Fanservice: It's basically 2 weeks of people in peak physical condition (well except that one Judoka from Guam) getting hot and sweaty so what's not to like, especially for Amazon Chasers.
Female track and field uniforms in recent years have started tending towards the Stripperific, with lots of Bare Your Midriff in effect. Some male competitors have taken to ripping their own shirts off in celebration of victory. So you basically have a lot of people built like Greek deities showing a lot of hot sweaty flesh off on camera.
Handicapped Badass: Aside from competitors in the Paralympics, there are also some examples from the Olympic Games, e.g. legally blind Im Dong-hyun's record-breaking archery score.
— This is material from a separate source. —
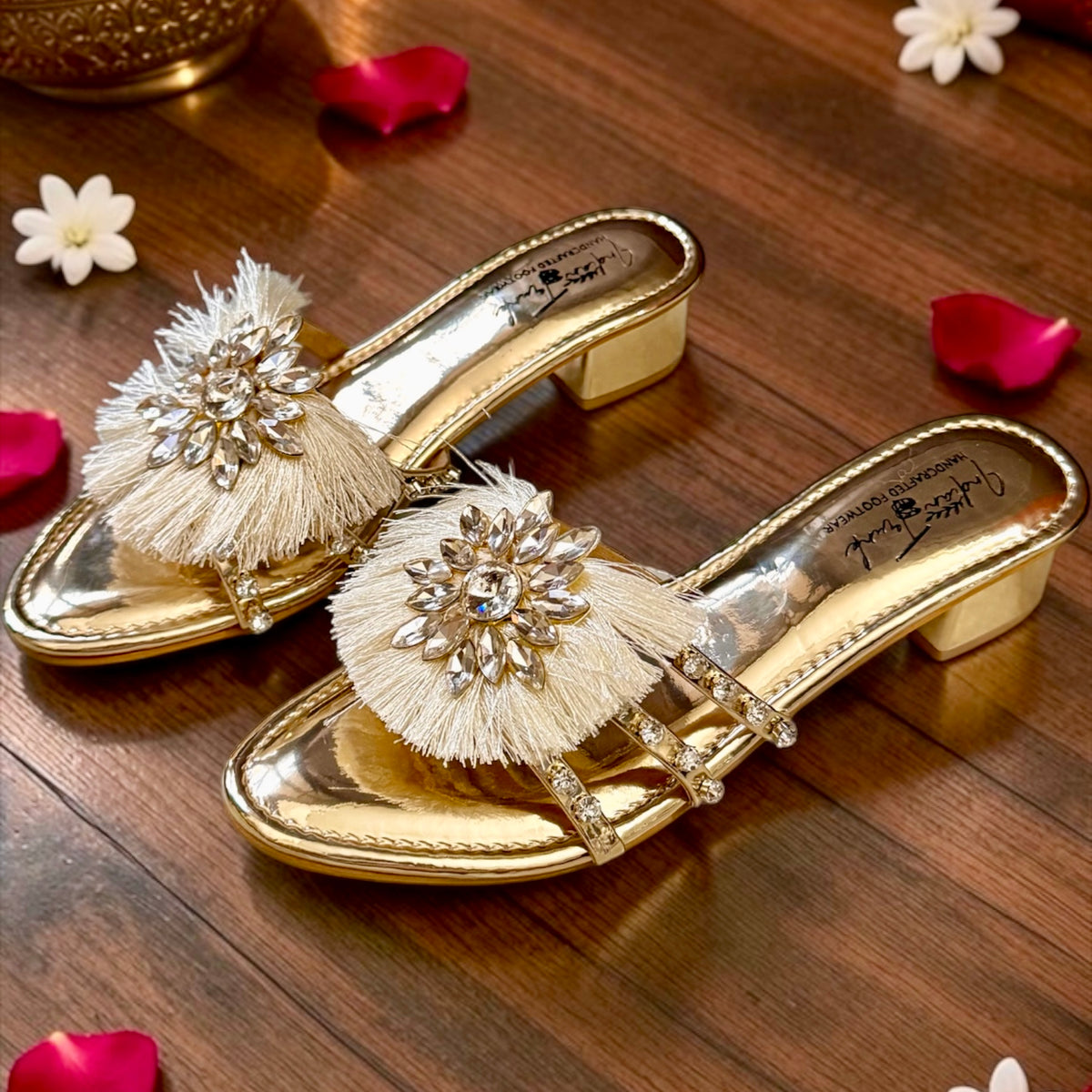Gold Crystal Fringe Heels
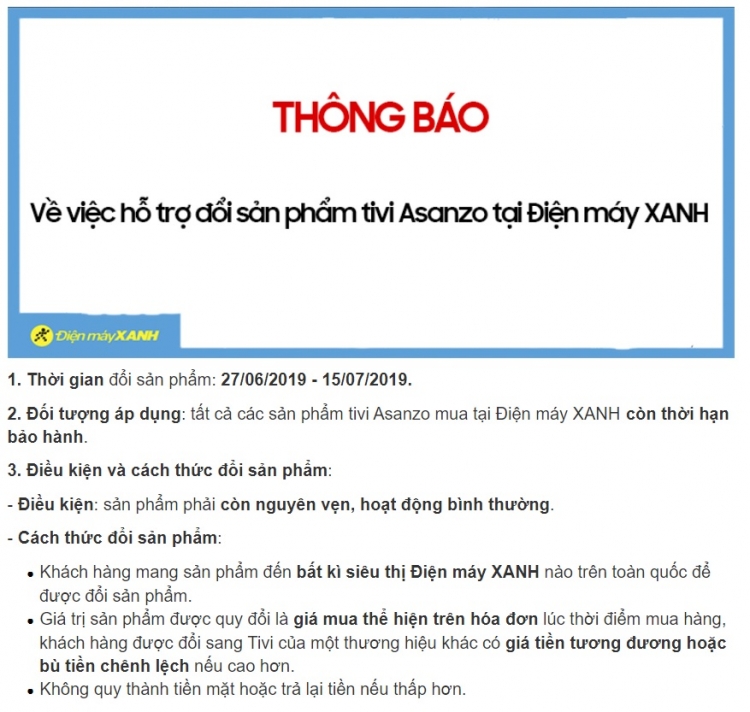 Sau Nguyễn Kim, Điện Máy Xanh cũng thông báo thu đổi tivi của Asanzo sau nguyen kim dien may xanh cung thong bao thu doi tivi cua asanzo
South African runner Oscar "The Blade Runner" Pistorius wants to be the first double-amputee Olympic athlete in 2012. His attempt to get into the Beijing Olympics were thwarted by the idea that his blade-like running legs gave him an advantage (they don't since they're not robotic according to a prosthetic scientist (who does have robotic legs) featured in Oscar's 60 Minutes profile).
Hungarian shooter Károly Takács- after his shooting hand (his right) was mangled in a grenade accident during army training, Takács secretly learned how to shoot with his left hand and proceeded to win gold in the 25m rapid fire pistol event twice in a row (at London 1948 and Helsinki 1952).
Another Hungarian, Oliver Halassy, won two golds and one silver (1928, 1932 and 1936) despite his left leg being amputated below the knee.
And the earliest case, American gymnast George Eyser, who had a wooden leg, and won six medals (half of them golden) at St. Louis 1904 Summer Olympics.
He-Man Woman Hater: Kinda... Pierre de Coubertin left the IOC because he thought female athletes were a betrayal to the Olympic ideal (the Ancient Greece games had only men).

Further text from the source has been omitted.